Excerpted records:
+++
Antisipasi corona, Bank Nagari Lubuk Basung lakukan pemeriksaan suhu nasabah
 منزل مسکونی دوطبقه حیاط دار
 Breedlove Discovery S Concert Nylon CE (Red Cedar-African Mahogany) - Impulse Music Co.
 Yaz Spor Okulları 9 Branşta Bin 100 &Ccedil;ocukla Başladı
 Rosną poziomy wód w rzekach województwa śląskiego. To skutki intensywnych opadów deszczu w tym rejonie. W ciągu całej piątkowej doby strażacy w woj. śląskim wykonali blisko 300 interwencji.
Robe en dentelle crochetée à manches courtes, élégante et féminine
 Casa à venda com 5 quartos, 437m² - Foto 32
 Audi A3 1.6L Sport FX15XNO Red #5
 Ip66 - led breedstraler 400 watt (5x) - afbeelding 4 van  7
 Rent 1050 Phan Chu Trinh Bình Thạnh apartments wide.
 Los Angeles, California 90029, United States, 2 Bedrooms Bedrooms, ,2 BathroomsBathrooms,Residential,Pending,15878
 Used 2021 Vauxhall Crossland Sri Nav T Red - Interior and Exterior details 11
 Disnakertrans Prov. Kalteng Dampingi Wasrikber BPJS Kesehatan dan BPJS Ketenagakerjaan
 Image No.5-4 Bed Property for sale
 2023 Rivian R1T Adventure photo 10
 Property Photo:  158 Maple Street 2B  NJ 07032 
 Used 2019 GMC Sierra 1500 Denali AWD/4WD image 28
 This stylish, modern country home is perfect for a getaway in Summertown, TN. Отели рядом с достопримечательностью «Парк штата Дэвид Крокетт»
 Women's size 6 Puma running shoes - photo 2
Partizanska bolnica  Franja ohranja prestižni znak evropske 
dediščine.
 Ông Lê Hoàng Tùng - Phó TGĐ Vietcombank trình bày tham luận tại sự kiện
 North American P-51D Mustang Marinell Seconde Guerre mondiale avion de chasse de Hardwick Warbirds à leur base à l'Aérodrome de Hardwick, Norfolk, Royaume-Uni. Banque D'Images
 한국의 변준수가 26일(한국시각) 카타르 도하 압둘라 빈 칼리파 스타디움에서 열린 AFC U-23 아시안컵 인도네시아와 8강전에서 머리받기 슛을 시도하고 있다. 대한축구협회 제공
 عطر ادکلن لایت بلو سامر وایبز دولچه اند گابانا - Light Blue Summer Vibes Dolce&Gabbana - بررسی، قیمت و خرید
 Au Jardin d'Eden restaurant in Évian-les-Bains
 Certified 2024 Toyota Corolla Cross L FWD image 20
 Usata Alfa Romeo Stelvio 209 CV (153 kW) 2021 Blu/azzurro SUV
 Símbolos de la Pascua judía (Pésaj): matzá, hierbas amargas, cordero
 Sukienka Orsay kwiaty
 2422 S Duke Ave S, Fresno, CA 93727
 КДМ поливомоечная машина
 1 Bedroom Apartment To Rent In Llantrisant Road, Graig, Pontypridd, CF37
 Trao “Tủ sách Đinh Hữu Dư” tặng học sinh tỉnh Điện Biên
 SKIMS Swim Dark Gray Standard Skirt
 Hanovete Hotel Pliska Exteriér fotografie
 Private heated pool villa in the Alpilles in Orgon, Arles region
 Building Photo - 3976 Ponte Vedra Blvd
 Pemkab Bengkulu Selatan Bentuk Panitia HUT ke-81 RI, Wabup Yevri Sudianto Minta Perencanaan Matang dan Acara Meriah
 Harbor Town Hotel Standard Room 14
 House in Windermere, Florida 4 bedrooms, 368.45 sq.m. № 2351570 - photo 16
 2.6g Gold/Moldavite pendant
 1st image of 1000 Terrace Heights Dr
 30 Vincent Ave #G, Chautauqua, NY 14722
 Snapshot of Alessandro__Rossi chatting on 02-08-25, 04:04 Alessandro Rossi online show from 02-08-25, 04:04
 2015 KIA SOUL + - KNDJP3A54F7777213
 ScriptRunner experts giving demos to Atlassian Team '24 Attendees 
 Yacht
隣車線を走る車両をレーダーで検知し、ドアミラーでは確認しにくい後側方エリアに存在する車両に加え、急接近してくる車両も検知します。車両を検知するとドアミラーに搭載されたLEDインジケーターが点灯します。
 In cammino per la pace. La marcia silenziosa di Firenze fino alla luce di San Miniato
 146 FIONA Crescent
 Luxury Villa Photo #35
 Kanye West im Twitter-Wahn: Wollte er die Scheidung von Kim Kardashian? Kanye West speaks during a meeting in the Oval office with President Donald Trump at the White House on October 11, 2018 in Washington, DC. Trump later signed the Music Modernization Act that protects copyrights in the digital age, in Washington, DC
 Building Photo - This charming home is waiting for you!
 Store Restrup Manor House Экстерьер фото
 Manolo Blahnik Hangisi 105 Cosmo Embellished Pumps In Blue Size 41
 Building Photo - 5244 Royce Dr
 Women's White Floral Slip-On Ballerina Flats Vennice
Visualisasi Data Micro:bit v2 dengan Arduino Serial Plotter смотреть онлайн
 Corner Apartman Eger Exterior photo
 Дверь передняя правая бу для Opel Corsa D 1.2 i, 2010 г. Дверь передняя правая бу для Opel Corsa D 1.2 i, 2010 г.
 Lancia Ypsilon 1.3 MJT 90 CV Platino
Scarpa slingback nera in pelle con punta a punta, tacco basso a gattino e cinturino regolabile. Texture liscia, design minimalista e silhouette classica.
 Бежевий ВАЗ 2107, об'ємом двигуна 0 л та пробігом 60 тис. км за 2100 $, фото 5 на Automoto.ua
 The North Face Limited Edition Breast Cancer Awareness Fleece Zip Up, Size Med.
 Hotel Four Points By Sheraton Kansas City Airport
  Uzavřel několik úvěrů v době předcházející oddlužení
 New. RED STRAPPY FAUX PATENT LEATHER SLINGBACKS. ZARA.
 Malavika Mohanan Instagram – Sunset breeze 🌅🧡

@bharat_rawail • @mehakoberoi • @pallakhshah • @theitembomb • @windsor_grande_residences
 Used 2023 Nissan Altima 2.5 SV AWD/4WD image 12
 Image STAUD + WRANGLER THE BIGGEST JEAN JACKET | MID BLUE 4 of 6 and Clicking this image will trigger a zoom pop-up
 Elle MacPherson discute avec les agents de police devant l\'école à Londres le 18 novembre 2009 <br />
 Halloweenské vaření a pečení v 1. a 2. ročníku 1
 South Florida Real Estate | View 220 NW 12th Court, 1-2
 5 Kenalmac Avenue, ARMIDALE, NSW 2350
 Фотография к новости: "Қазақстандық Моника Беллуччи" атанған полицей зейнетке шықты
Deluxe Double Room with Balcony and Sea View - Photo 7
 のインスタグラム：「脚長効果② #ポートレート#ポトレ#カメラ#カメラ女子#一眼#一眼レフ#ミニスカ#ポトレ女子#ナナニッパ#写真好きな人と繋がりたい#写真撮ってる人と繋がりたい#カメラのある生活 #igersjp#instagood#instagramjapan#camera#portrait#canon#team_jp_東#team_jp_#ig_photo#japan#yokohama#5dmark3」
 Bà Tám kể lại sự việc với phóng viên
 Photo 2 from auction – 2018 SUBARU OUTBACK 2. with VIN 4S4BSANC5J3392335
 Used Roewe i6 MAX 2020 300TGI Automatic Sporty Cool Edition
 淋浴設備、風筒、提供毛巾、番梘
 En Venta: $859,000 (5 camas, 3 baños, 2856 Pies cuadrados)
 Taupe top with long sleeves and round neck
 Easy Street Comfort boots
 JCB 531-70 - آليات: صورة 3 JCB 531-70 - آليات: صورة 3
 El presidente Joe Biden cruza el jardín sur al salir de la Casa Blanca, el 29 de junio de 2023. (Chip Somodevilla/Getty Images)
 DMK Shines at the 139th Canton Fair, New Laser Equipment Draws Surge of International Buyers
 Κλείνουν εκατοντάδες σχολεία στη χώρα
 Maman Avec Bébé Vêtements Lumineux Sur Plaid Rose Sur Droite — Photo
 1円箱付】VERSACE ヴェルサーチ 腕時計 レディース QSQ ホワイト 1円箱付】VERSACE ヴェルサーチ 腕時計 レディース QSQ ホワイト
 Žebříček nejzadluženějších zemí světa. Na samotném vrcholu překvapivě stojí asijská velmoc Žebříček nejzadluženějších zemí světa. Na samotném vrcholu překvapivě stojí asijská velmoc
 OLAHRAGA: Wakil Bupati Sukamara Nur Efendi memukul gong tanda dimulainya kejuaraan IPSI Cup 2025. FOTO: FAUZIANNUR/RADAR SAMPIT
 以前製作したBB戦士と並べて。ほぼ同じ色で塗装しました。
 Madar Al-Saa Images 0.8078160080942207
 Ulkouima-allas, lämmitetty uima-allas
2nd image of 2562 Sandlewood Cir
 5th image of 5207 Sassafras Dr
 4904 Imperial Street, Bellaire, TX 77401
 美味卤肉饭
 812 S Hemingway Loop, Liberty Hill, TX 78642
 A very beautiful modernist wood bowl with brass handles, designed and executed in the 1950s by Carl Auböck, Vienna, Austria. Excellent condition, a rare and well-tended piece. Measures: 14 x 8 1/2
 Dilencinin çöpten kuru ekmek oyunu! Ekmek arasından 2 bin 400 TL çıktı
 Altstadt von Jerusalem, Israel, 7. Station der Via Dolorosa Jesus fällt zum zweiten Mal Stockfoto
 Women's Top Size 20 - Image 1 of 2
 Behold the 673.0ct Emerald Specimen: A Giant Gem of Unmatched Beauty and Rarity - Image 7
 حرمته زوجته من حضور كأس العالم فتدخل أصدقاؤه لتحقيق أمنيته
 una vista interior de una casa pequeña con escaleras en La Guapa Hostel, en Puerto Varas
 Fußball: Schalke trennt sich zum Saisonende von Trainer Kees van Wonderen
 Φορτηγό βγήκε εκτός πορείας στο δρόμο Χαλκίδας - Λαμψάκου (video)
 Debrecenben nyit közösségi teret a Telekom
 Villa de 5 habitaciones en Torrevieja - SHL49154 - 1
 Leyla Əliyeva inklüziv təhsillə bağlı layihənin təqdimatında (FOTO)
+++
Exercise aim: In the listing above, find the line with "Scarpa slingback nera" and the line with "Uzavřel několik úvěrů", then print exactly those lines and every line between them.

Answer area:
Scarpa slingback nera in pelle con punta a punta, tacco basso a gattino e cinturino regolabile. Texture liscia, design minimalista e silhouette classica.
 Бежевий ВАЗ 2107, об'ємом двигуна 0 л та пробігом 60 тис. км за 2100 $, фото 5 на Automoto.ua
 The North Face Limited Edition Breast Cancer Awareness Fleece Zip Up, Size Med.
 Hotel Four Points By Sheraton Kansas City Airport
  Uzavřel několik úvěrů v době předcházející oddlužení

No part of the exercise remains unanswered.